Bu ara başlığı serinin önceki oyunlarından birinin incelemesinde de kullanmış olabilirim sanki. Neyse, konuyu getirmek istediğim yer MyPlayer ve geri gelen Crew modu. Eksikliği hissedilen modlardan biri, yani Crew kısa bir aranın ardından yine oyundaki yerini almış. Crew’da kendimize logosunu istediğimiz gibi hazırlayabildiğimiz bir takım yaratıyor ve online ortamlarda 5v5 maçlara çıkıyoruz.

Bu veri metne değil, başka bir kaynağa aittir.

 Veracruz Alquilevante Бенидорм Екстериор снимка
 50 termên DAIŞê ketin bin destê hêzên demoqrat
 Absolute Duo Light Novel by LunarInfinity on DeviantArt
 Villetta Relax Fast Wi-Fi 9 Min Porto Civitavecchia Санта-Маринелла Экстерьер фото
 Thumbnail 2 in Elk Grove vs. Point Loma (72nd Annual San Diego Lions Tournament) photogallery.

Yalnız Crew modunda ciddi bir değişiklik var ve o da tüm maçların “blacktop”ta ve 21’de bitecek şekilde oynanıyor olması. MyPlayer’a dair önemli bir notsa yapay zekânın gelişmiş olması. Şöyle ki NBA 2K12’de ve NBA 2K13’te takım arkadaşlarım gerçekten can sıkıyorlardı, boşken şut atmayıp asistlerimi yemeleri, ben boşken beni görmemeleri… NBA 2K14’te daha akıllı takım arkadaşlarım olduğuna şahit oldum ve maçlar, haftalar ilerledikçe bu gelişimin yansımalarını net şekilde göreceğimi tahmin edebiliyorum.

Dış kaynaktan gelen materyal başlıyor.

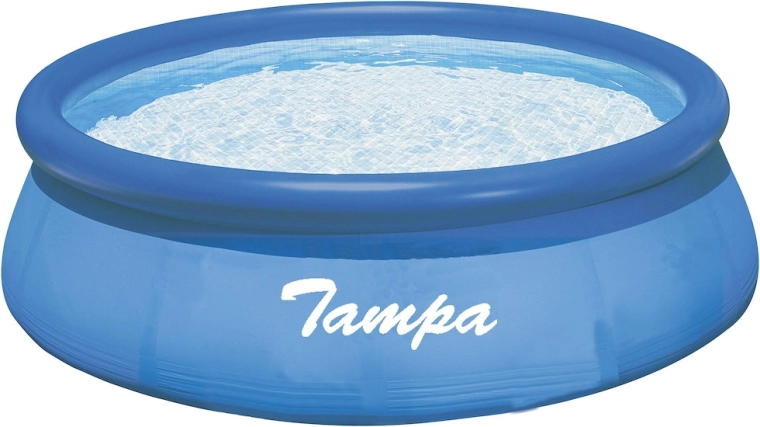 Opblaasbaar rond zwembad Tampa 4,57 × 1,22 m zonder accessoires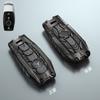 Carcasa de Llave de Coche Adecuada para Mercedes-Benz E300L Cubierta Protectora de Llave C260L Cubierta de Llave para Hombre Glc300L Carcasa Única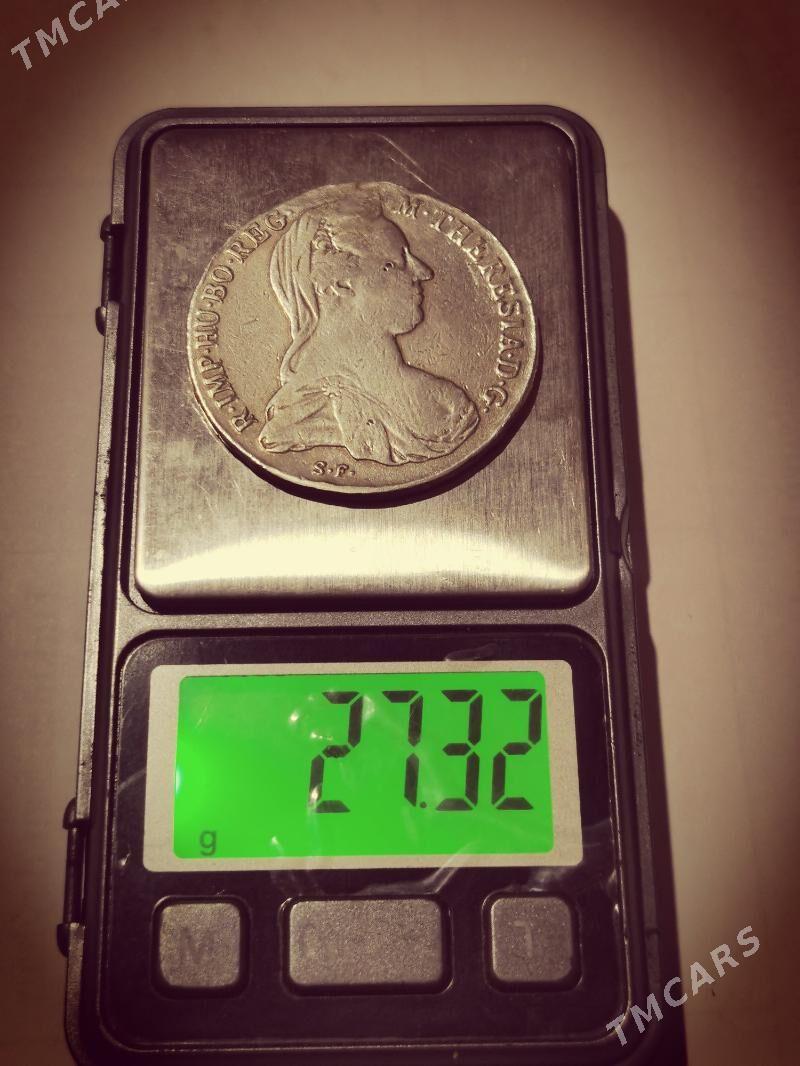 Kumıs maneta - Balkanabat - img 2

NBA 2K14’ün değerli nimetlerinden bir diğeri, “Dynamic Living Rosters” gibi iddialı bir isimle duyurulan özellik. Seriyi takip edenler, sezon devam ederken oyuncuların değerlerinin güncellenmesine alışıklardır zaten ama bu kez durum biraz daha farklı. Artık sadece rakamlar değil, oyuncuların oyun yapısı da değişebilecek. Diyelim ki Ömer Aşık pota altından skor bulamıyor, başladı üçlük denemeye ve başarılı da oluyor; bu durum aynen oyuna aktarılacak ve yapay zekânın kontrol ettiği Ömer Aşık, artık üçlük denemeye başlayacak ve belki de sokacak! (Böyle saçma şey mi olur? Daha düzgün bir örnek verseydim keşke…) Tabii ki bu özelliği daha net değerlendirebilmek için sezonun başlamasını ve ilerlemesini beklemek lazım.

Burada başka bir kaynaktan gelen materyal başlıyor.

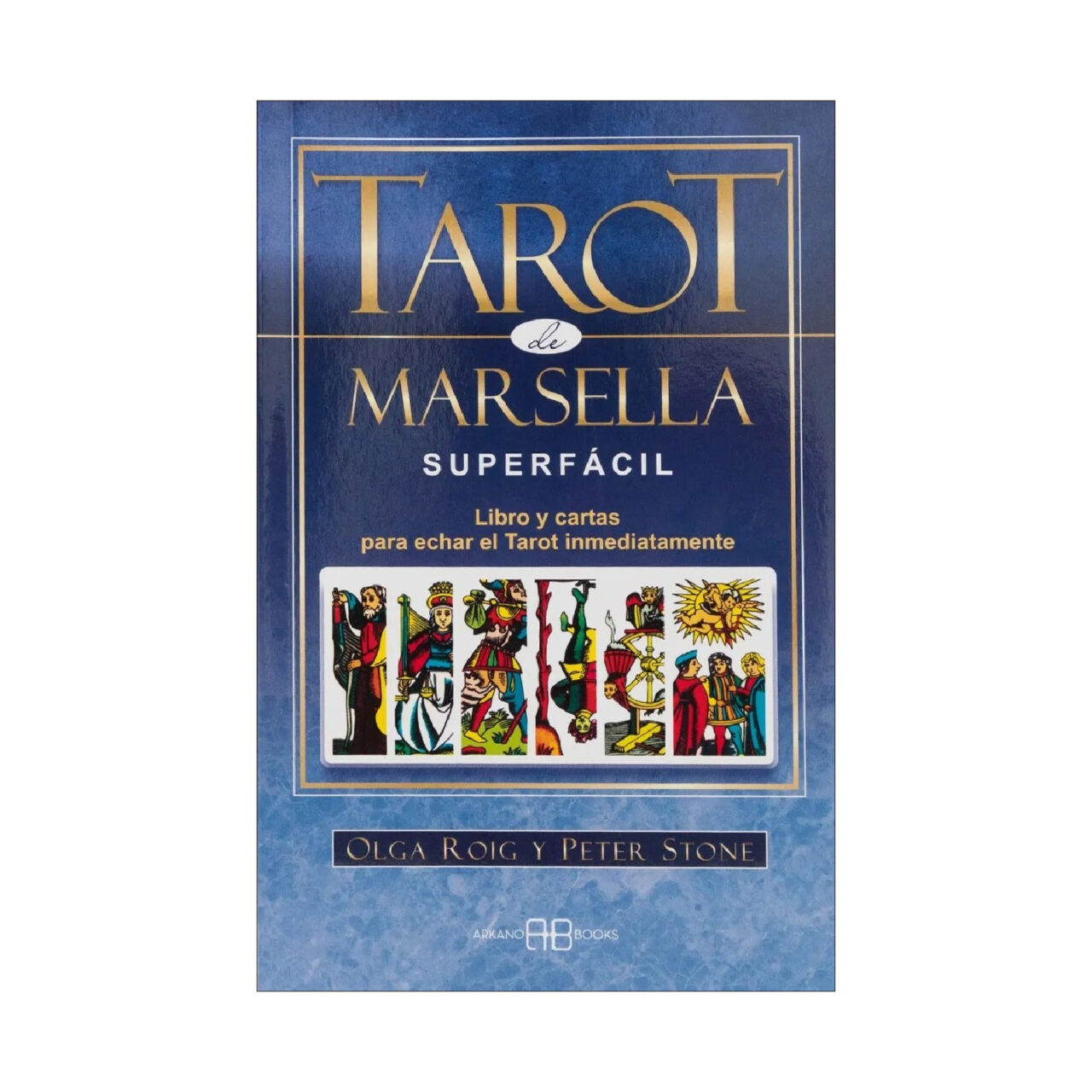 tarot de marsella Fondos producto FB 109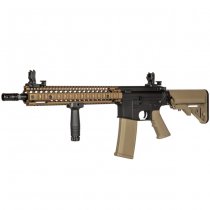 Specna Arms Daniel Defense MK18 SA-E26 EDGE AEG - Chaos Bronze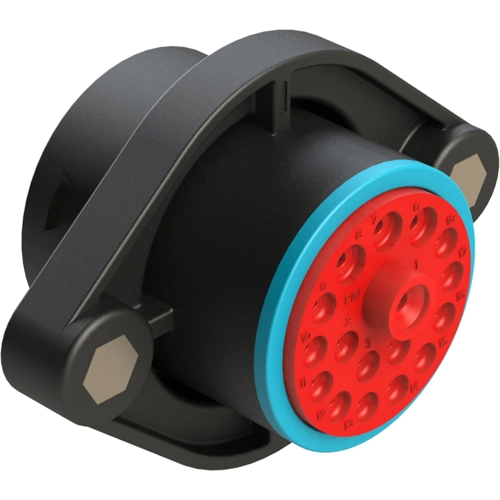 AHDP02-24-18PR-SRA Amphenol Sonstige Rundsteckverbinder Bild 2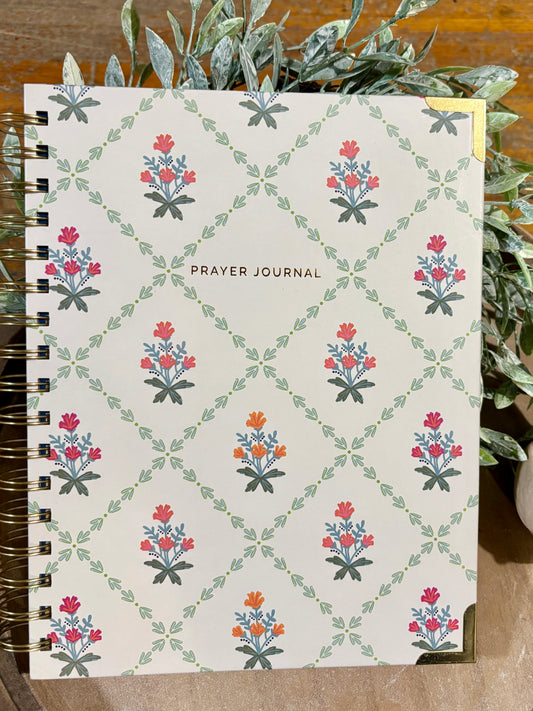 Petal Path Prayer Journal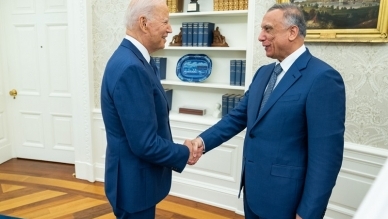 US combat forces to leave Iraq by end of 2021, says President Joe Biden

En nihayetinde yine gerçekçi bir oynanış, zengin animasyon yelpazesi, daha yumuşak geçişlerle birbirine bağlanan animasyonlar, yeni ve / veya önceki oyunlarda kaldırılıp geri dönen modlar ve hücum tercihlerimize göre anlayışını değiştirdiği söylenen yapay zekâ ile müthiş bir NBA 2K var yine karşımızda. (Son maddeyi bir iddia olarak ekledim çünkü bu özelliği algılamak için oyunu haftalarca oynamak gerek!) Artık söz sırası, bir türlü sürdürülemeyen ve uzun bir aranın ardından sadece PlayStation 4’te ve Xbox One’da boy gösterecek olan NBA Live 14’te.